Cette lettre est un prodige de duplicité et de mensonge. Mensonge : sur les 66 références de l’article, seules 2 sont de Wheelock ; il affirme le contraire même de sa réelle intention. Duplicité : il manie le compliment et la menace, la pitié et l’appel aux instances juridiques.

Comment réagit le microbiologiste du Jefferson Medical College ? Il écrivit à quatre revues parmi les plus prestigieuses : Nature, Science, The Lancet et le Journal of the American Medical Association. Or, après discussions, elles décidèrent qu’il s’agissait d’une affaire personnelle entre Wheelock et Al, donc ne publièrent pas la lettre. Sauf The Lancet qui, dans son numéro du 12 avril 1980, publie la lettre de Wheelock. Celui-ci y donne avec justesse les critères permettant de dénoncer la supercherie de l’irakien : lui demander ses diplômes, établir l’authenticité de ses communications personnelles, demander aux auteurs cités de relire l’article.

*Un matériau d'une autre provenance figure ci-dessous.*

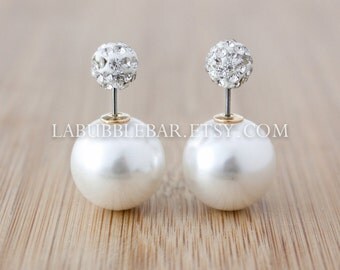Double Pearl Earrings - Double Sided Earrings - Choose Your Top Piece - Tribal Earrings, Double Stud Earrings, Double Pearl Earrings
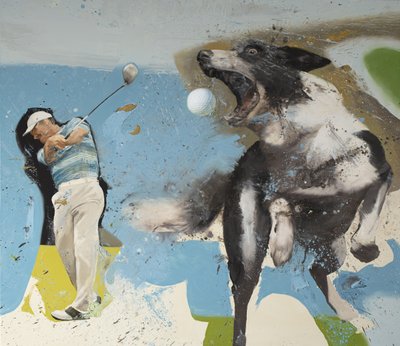 犬を連れたゴルファー、2023年（キャンバスに油彩） 作： Nicola Pucci
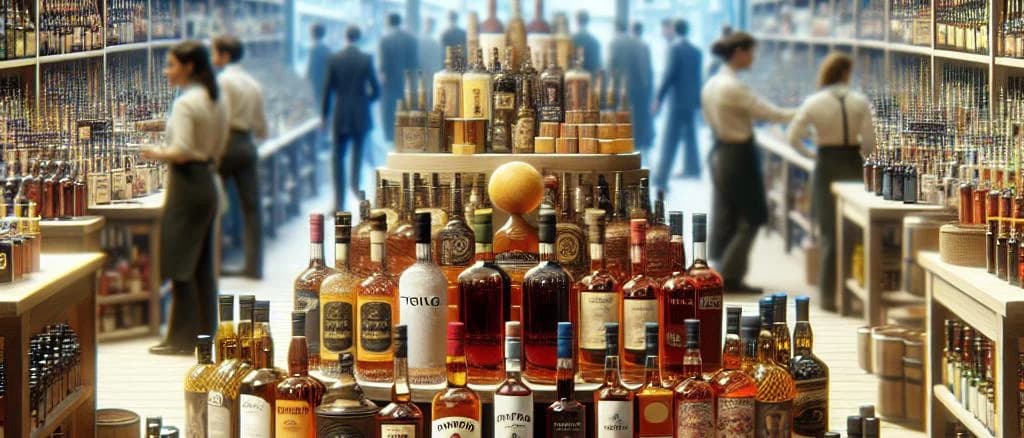 Display of assorted spirits showcasing bottles of whiskey, gin, and rum in varied packaging on wooden shelves.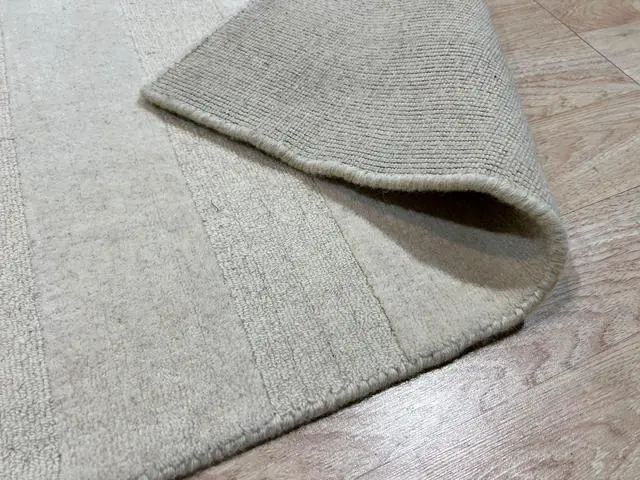 Alt view image 4 of 7 - Hand-Knotted Wool White Modern Contemporary Loop and Pile White Hand-Knotted Rug, Made in India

Bien évidemment, Alsabti n’entame aucune poursuite judiciaire.

5’) Déménagement à Houston

Mais revenons en arrière. En 1978, Wheelock part pour le Texas. Il s’adresse directement à Lee Clark, le président du M. D. Anderson Hospital de Houston. Il lui montre des lettres d’introduction du général David Hanania, médecin-chef du service de santé de l’armée jordanienne. Or, ces courriers affirment qu’Alsabti vient passer une thèse de médecine aux États-Unis. En septembre, il intègre le laboratoire du professeur Glora Mavligit comme volontaire non rénuméré.

C’est à ce moment là qu’il commence à produire de nombreux articles scientifiques, plusieurs chaque mois ! Comment s’y prend-il ? Il prend un article déjà publié, substitue le nom de l’auteur par le sien, change le titre de l’article (par exemple : « Suppression de la multiplication lymphocytaire de la rate chez la souris après injection de composés de platine » devient : « Effet des composés platinés sur la multiplication lymphocytaire des muridés ») et enfin l’envoie à d’obscures revues scientifiques à travers le monde entier. C’est ainsi qu’il écrit à des revues américaines (Journal of Cancer Research and Clinical Oncology ; Journal of Clinical Hematology and Oncology), japonaises (Japanese Journal of Experimental Medicine ; Tumor Research), suisses (Oncology ; Urologia Internationalis), etc.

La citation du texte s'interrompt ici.